Off late this segment seems to be getting a lot of attention. See http://www.techcrunch.com/2010/01/28/private-sales-site-beyond-the-rack-raises-2-million/. 
Anybody has any insight on how this works? What are the drivers for the high end brands to give such deep discounts? Do they buy inventory and hold or does the brand do the order fulfillment etc?
======
solost
<http://en.wikipedia.org/wiki/Sample_sale>

Wikipedia has a very nice description, if you look up sample sale.

Sample sales are used by retail businesses in order to discard excess
merchandise. Sometimes these samples have been used by agencies to sell
products that they will distribute to local vendors. Sample sales are often
associated with the fashion industry.
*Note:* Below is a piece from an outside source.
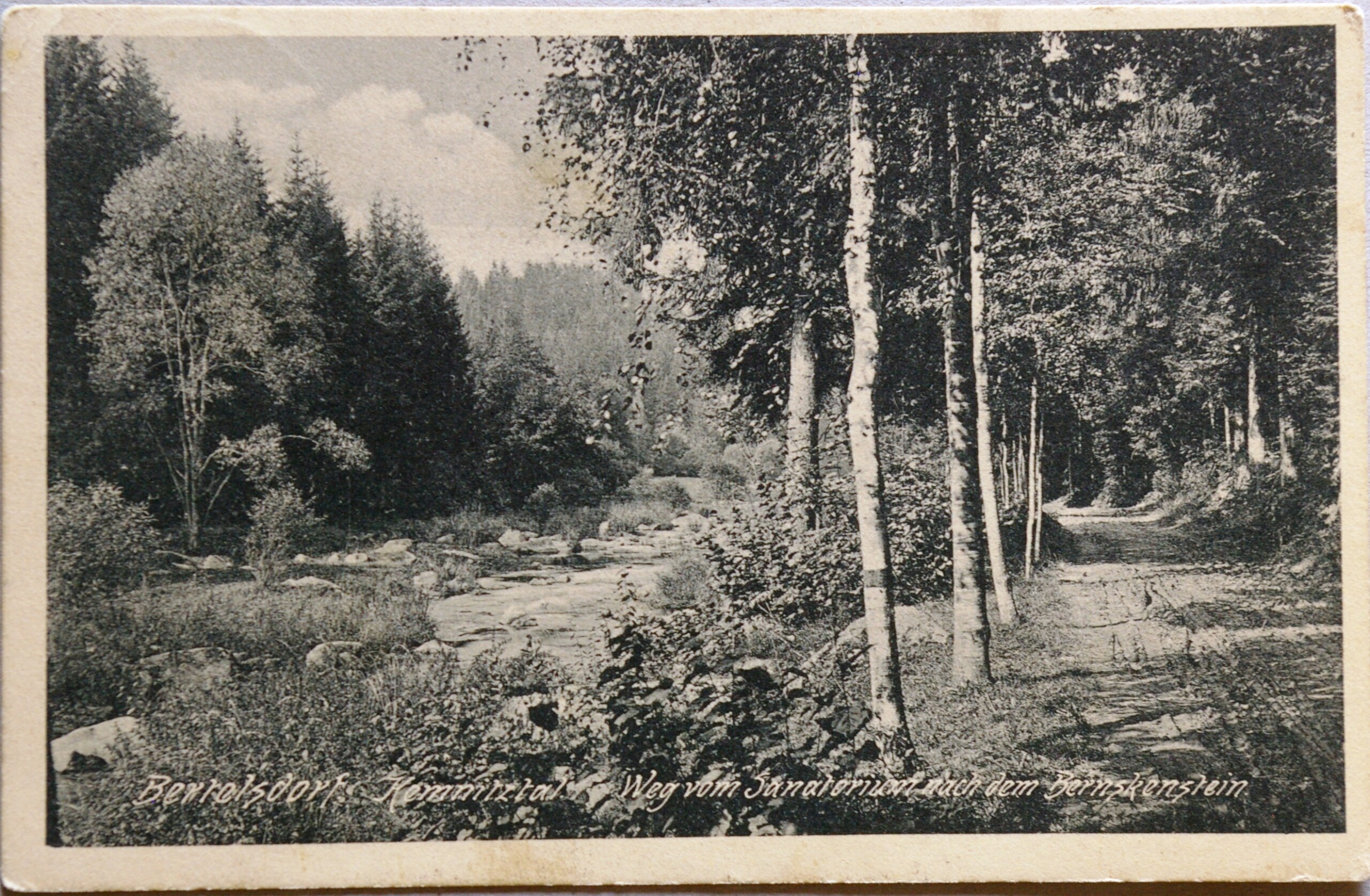 Vokietijos Reichas Berrelsdorfas 1910m atvirlaiškis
These sales are an opportunity to get
near perfect merchandise at a fraction of the price. It is often difficult to
have information on the date and time of sample sales, although there are
websites which list information about sample sales in on line diaries. They
are also used to draw in new clients, hoping that the new people will return
to the company's store and buy more merchandise. While many sample sales pop
in various locations in NYC, there are a [very small] handful of companies
that have a permanent location. Clothingline.com is the longest running sample
sale company in New York City.

Recently, a number of new online businesses have emerged that offer the sample
sale concept to an online audience. Well-established in Europe with the
original creator of online private sales, vente-privee.com[citation needed],
this trend moved to the United States in 2007 with the launch of companies
such as Savvy + Co., Gomatta Girls, Editors' Closet, Beyond the Rack, RueLaLa,
Gilt Groupe and Ideeli. These businesses offer access to those living outside
of the traditional sample sale markets of New York and Los Angeles the same
access to designer fashions at 'sample sale' prices.

------
vivekamn
[http://www.techcrunch.com/2010/01/28/private-sales-site-
beyo...](http://www.techcrunch.com/2010/01/28/private-sales-site-beyond-the-
rack-raises-2-million/) clickable link